O ano de 2014 não começou bem para a economia brasileira. Foram muitos indicadores ruins seguidos, e o momento da economia internacional é de incerteza. Mas o ano está só começando e novos números virão, podendo trazer algum alívio. Pior do que um número ruim é a queda da confiança na economia pelos empresários e consumidores.
O apagão desta semana não foi tão grave quanto outros, mas há uma crise no setor energético que o governo deveria enfrentar. Em vez de tapar o apagão com a peneira, ou culpar um ou outro dos seus auxiliares, a presidente deveria ver a sequência de erros cometidos por seu governo nessa área e começar a fazer o ajuste. Não há solução fácil. Corrigir preços que ficaram defasados elevará a inflação, cobrir tudo com subsídio governamental aumentará o déficit público e alimentará a desconfiança. O Brasil já está com sua nota de crédito sob revisão negativa.
Uma indicação de que há algo errado no setor de energia é a queda das ações das empresas do setor, apesar do aumento do consumo. Em condições normais, aconteceria o contrário: as ações subiriam com o aumento da demanda. O problema é que o país está produzindo uma energia mais cara e as empresas estão impedidas de repassar esse custo ao consumidor para não elevar a inflação. O ministro Guido Mantega admitiu novos aportes do Tesouro na Conta de Desenvolvimento Energético (CDE). O contribuinte pagará a conta que está sendo reduzida para agradar o eleitor.

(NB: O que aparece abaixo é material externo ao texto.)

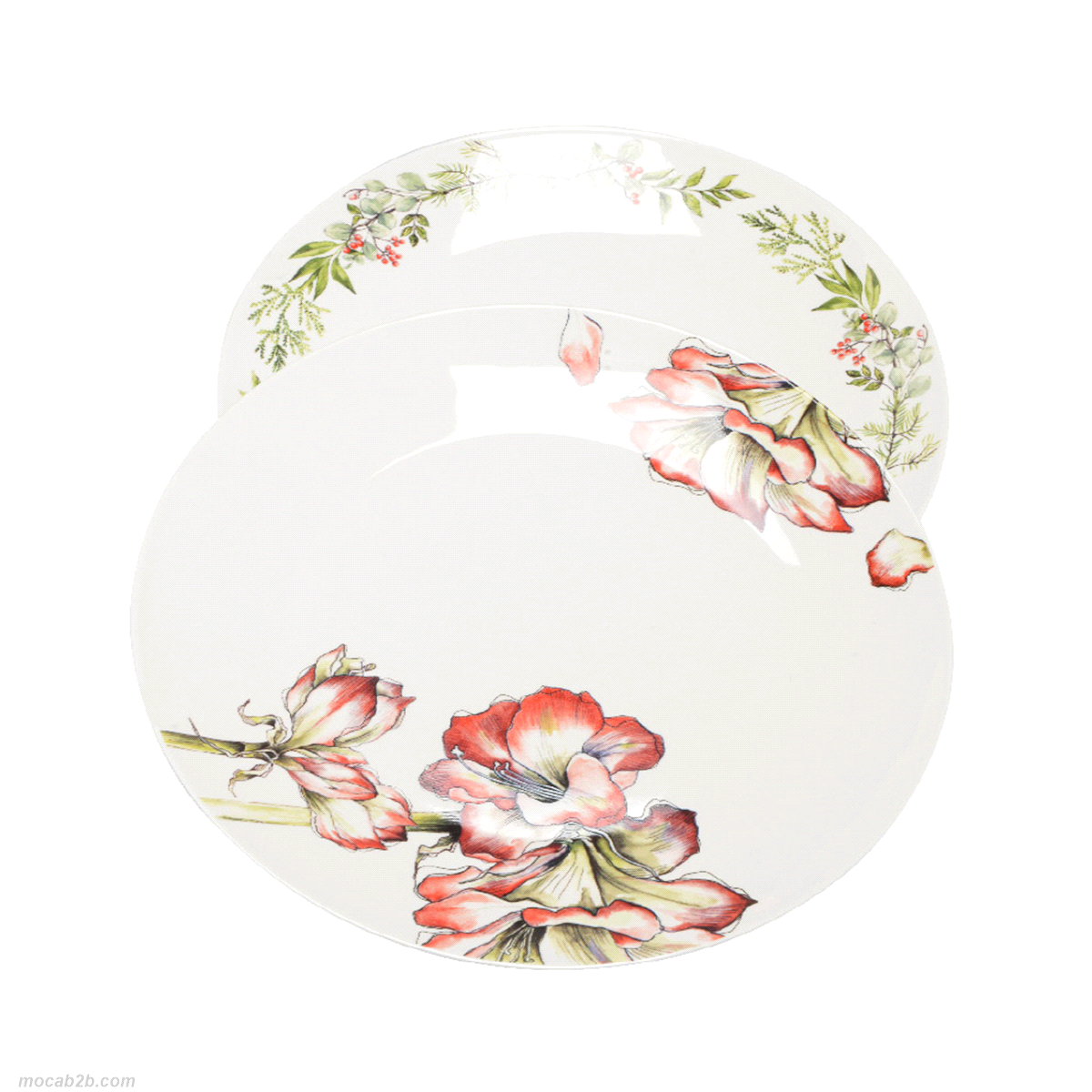 PIATTI BIANCHI FIORE ROSSO(B)@26x2pz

A perda de confiança na economia não está restrita ao mercado financeiro. Várias sondagens, feitas por entidades diferentes, com consumidores, empresários e comerciantes mostram isso. Em apenas 30 dias, houve uma sensível piora nas projeções do mercado financeiro para o Brasil. Subiu a estimativa de juros e de inflação e caíram as projeções para o PIB deste ano e do próximo. A queda de 3,5% da indústria em dezembro promoverá novas revisões do crescimento.

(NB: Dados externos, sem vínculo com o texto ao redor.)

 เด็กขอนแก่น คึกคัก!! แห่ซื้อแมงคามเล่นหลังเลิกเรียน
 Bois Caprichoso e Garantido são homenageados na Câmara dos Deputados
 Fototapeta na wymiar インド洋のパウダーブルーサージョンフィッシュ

Dois índices de confiança apurados por entidades diferentes mostraram queda ao menor nível desde julho de 2009. O Índice de Confiança do Empresário Industrial, da CNI, caiu a 53,1 pontos em janeiro. A média histórica é de 58,3 pontos. O Índice de Confiança do Consumidor, da FGV, desceu a 108,9 pontos, o nível mais baixo em mais de quatro anos. O Índice dos Empresários do Comércio, medido pela CNC, recua há seis meses. Em ambiente assim, a empresa investe menos, e o consumidor adia as compras.

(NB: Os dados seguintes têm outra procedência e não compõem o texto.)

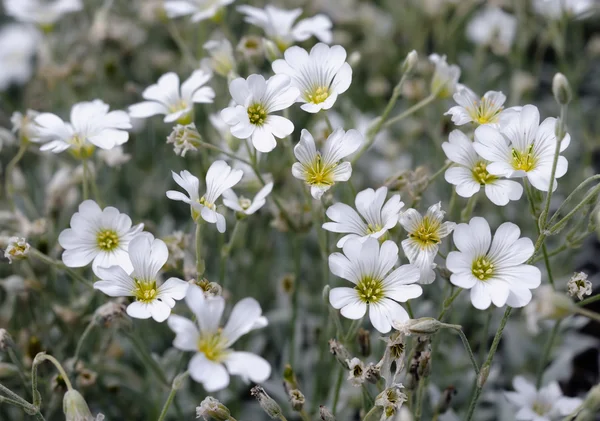 Flores de campo branco — Fotografia de Stock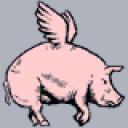 flying pig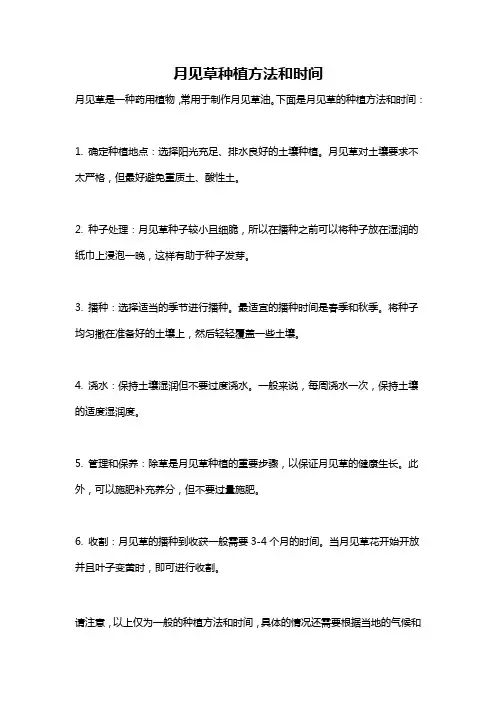 月见草种植方法和时间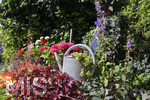 03.08.2020, Blick in einen Garten eines Hauses in Mindelheim (Unterallgu),  Blumenbeet mit Giesskanne zur Zierde.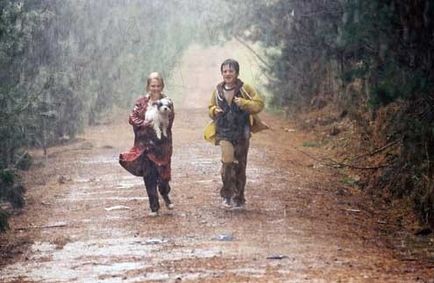 Terabithia Köprüsü Fotoğrafı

As ações da Petrobras fecharam em alta nos últimos dois dias, mas, na quarta-feira, atingiram o menor valor dos últimos cinco anos. A bolsa brasileira fechou o mês de janeiro com queda de 7,5%, o pior resultado para o mês desde 1995. A bolsa pode inverter por vários motivos; um deles é a percepção de que certas ações estão baratas.
O déficit de US$ 4,05 bilhões da balança comercial em janeiro aumentou a pressão sobre as contas externas, que no ano fecharam com um déficit de 3,66% do PIB. Mas os chineses têm garantido bons preços para as commodities agrícolas e minerais, e isso favorece o Brasil. Com o menor crescimento chinês, esses preços podem até ceder, mas não será queda brusca. As previsões são de superávit comercial no ano e um número maior do que em 2013.
O Brasil vai fazer uma parada esportiva no meio do ano para a realização da Copa. A torcida geral é para que os atrasos nas obras sejam superados e não atrapalhem a festa. Claro, e que a seleção brasileira ganhe.
Será um erro o governo tomar decisões, nas várias frentes, com olho unicamente nas urnas. Há um médio e longo prazo a construir e há erros a corrigir. Os números não são negativos por acaso. É colheita do que foi plantado.